3) Elections. A single election result can change healthcare policy overnight. In the Czech republic, the social democrats took power this month, and are utterly opposed to any sort of private healthcare. The privatisation programme in Slovakia has been slung into reverse - that is democracy for you!
4) Vested professional interests. Doctor's associations are extremely powerful. The British Medical Association regularly scuppers government policy, such as the move towards larger polyclinics.
It is two years since the Greek courts ruled that a previous stipulation, that a doctor had to own over 50% of any diagnostics lab, was actually contrary to EU law. Yet, thanks to pressure from doctors, the Ministry of Health has constantly stalled any attempt to change the law.
5) A lack of understanding of how the private sector works. In the UK, private hospitals were told they would be paid a unit price per operation, and were then allowed to select the patients they treated. Small wonder they rejected the very elderly, frail and unfit, who were left to be catered for by the public sector.
Or take the way British GPs immediately adjusted their workload to ensure they hit all the targets set by the government. According to Dr Adam Oliver, at the London School of Economics, this transformed them from being one of the worst paid group of family doctors in Europe to the best paid family doctors in the world - one can only conclude that the government didn't think they would jump through hoops for money.
Or take Germany. It took the authorities over a decade to close a loophole that allowed laboratories to pay huge bonuses out of social insurance funds to doctors who carried out unnecessary lab tests.

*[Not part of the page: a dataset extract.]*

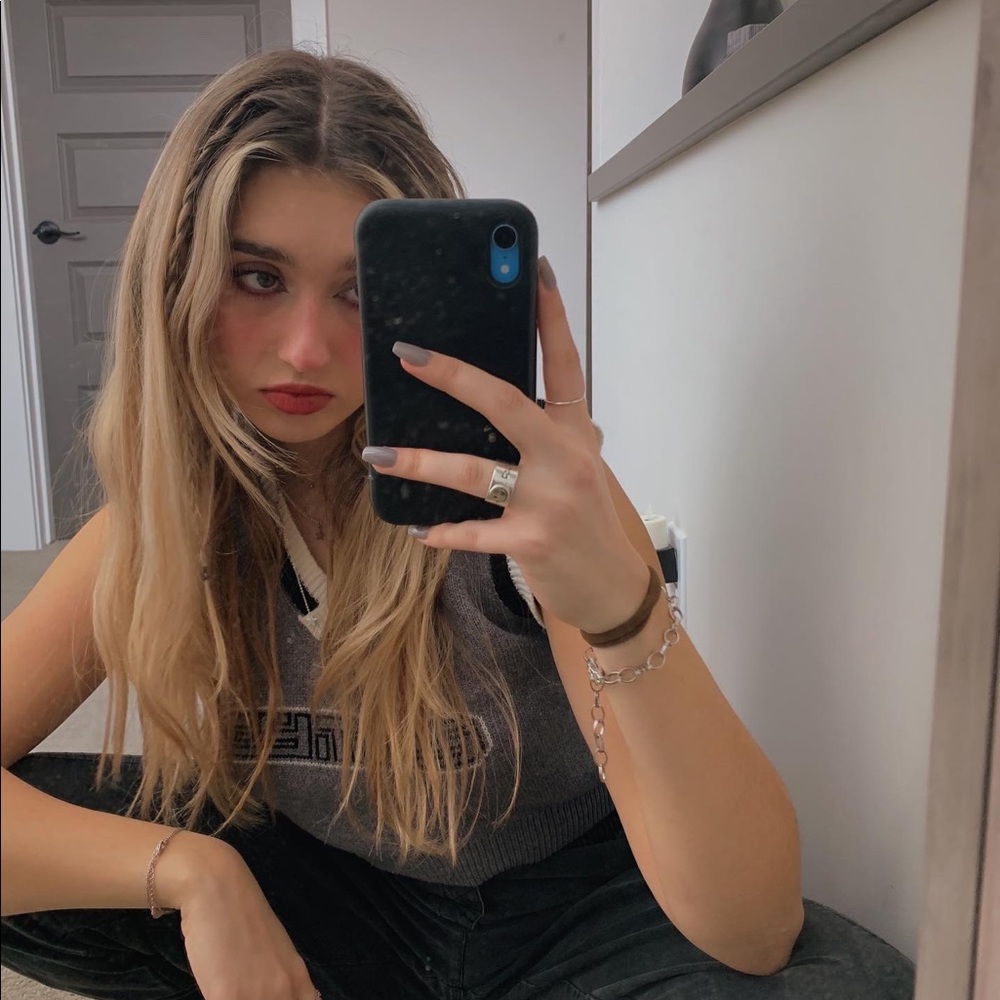 Meet your Posher, Ava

Closing the loophole will lead to a 20% or 25% reduction in lab tests!
Anyone with a grain of commonsense could have predicted how private companies and private individuals would react in these circumstances. So the question becomes: "Why were government bodies incapable of working it out for themselves?"
Private healthcare will always go for the quick buck. Shaping a regulatory framework which motivates private healthcare to hit the right goals shouldn't be beyond the wit of a health ministry. But these sorts of issues make some policymakers very sceptical of the value of the private sector. Dr Oliver asks why the government should bother involving the private sector at all, pointing out that administrative costs in the UK are circa 5%, compared to circa 15%-20% in the USA.
So what does work?
To succeed, obviously we need the converse of these factors - trust, political consensus, centralisation, the involvement of the professions and a knowledge of how to control the private sector. Countries can be scored against these factors. The UK, for example, now scores highly on all but the last two factors. France scores fairly poorly on most factors, which explains why reform is proving so hard.
Very few countries can claim high scores across the board - perhaps only the Netherlands and Sweden. Worryingly, it is most lacking in Eastern and Central Europe, the very countries where it is most needed.
This means there is little or no hope of effective healthcare reform here, and that the population will be condemned to years of underfunded, poor quality state provision, coupled with an opportunistic private sector, which will tend to focus on the wealthy.